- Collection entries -

-------------------------

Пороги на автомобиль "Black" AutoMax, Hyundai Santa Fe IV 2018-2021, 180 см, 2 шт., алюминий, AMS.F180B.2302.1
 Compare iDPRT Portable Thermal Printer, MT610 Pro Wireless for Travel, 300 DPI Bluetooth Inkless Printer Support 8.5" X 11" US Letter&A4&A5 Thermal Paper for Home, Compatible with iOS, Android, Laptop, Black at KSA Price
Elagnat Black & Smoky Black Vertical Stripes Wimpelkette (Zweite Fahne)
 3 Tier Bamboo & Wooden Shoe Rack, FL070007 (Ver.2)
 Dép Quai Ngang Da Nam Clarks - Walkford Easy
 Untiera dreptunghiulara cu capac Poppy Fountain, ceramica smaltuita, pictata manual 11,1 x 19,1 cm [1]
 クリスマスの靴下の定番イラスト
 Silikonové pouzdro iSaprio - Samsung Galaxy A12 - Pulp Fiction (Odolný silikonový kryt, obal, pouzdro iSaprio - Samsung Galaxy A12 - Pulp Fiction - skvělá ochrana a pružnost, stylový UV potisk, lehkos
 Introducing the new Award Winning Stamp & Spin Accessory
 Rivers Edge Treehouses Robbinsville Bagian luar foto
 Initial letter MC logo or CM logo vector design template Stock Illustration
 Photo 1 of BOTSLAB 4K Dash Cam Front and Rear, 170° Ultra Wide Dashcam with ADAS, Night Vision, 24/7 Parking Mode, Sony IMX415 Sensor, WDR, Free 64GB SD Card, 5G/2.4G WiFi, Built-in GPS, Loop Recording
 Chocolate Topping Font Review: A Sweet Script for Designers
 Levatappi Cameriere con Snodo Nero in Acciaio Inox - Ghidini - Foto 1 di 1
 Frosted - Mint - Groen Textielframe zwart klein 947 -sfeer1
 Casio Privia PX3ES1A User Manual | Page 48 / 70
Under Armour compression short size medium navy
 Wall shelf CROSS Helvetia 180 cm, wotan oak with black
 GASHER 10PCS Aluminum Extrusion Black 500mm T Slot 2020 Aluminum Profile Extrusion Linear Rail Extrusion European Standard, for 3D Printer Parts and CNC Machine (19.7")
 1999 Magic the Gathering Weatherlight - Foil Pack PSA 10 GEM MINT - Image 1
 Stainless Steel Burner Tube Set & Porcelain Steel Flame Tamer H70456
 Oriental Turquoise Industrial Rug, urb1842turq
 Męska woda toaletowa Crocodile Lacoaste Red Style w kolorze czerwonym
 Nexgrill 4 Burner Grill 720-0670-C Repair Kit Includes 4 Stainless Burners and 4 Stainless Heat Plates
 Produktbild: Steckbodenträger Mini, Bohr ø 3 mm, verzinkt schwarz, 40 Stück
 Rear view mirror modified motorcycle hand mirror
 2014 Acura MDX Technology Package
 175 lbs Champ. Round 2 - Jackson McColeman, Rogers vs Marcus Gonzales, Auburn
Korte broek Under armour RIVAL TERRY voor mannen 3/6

-------------------------

- Work request -
An exact repeat of all the records is required.

- Result -
Пороги на автомобиль "Black" AutoMax, Hyundai Santa Fe IV 2018-2021, 180 см, 2 шт., алюминий, AMS.F180B.2302.1
 Compare iDPRT Portable Thermal Printer, MT610 Pro Wireless for Travel, 300 DPI Bluetooth Inkless Printer Support 8.5" X 11" US Letter&A4&A5 Thermal Paper for Home, Compatible with iOS, Android, Laptop, Black at KSA Price
Elagnat Black & Smoky Black Vertical Stripes Wimpelkette (Zweite Fahne)
 3 Tier Bamboo & Wooden Shoe Rack, FL070007 (Ver.2)
 Dép Quai Ngang Da Nam Clarks - Walkford Easy
 Untiera dreptunghiulara cu capac Poppy Fountain, ceramica smaltuita, pictata manual 11,1 x 19,1 cm [1]
 クリスマスの靴下の定番イラスト
 Silikonové pouzdro iSaprio - Samsung Galaxy A12 - Pulp Fiction (Odolný silikonový kryt, obal, pouzdro iSaprio - Samsung Galaxy A12 - Pulp Fiction - skvělá ochrana a pružnost, stylový UV potisk, lehkos
 Introducing the new Award Winning Stamp & Spin Accessory
 Rivers Edge Treehouses Robbinsville Bagian luar foto
 Initial letter MC logo or CM logo vector design template Stock Illustration
 Photo 1 of BOTSLAB 4K Dash Cam Front and Rear, 170° Ultra Wide Dashcam with ADAS, Night Vision, 24/7 Parking Mode, Sony IMX415 Sensor, WDR, Free 64GB SD Card, 5G/2.4G WiFi, Built-in GPS, Loop Recording
 Chocolate Topping Font Review: A Sweet Script for Designers
 Levatappi Cameriere con Snodo Nero in Acciaio Inox - Ghidini - Foto 1 di 1
 Frosted - Mint - Groen Textielframe zwart klein 947 -sfeer1
 Casio Privia PX3ES1A User Manual | Page 48 / 70
Under Armour compression short size medium navy
 Wall shelf CROSS Helvetia 180 cm, wotan oak with black
 GASHER 10PCS Aluminum Extrusion Black 500mm T Slot 2020 Aluminum Profile Extrusion Linear Rail Extrusion European Standard, for 3D Printer Parts and CNC Machine (19.7")
 1999 Magic the Gathering Weatherlight - Foil Pack PSA 10 GEM MINT - Image 1
 Stainless Steel Burner Tube Set & Porcelain Steel Flame Tamer H70456
 Oriental Turquoise Industrial Rug, urb1842turq
 Męska woda toaletowa Crocodile Lacoaste Red Style w kolorze czerwonym
 Nexgrill 4 Burner Grill 720-0670-C Repair Kit Includes 4 Stainless Burners and 4 Stainless Heat Plates
 Produktbild: Steckbodenträger Mini, Bohr ø 3 mm, verzinkt schwarz, 40 Stück
 Rear view mirror modified motorcycle hand mirror
 2014 Acura MDX Technology Package
 175 lbs Champ. Round 2 - Jackson McColeman, Rogers vs Marcus Gonzales, Auburn
Korte broek Under armour RIVAL TERRY voor mannen 3/6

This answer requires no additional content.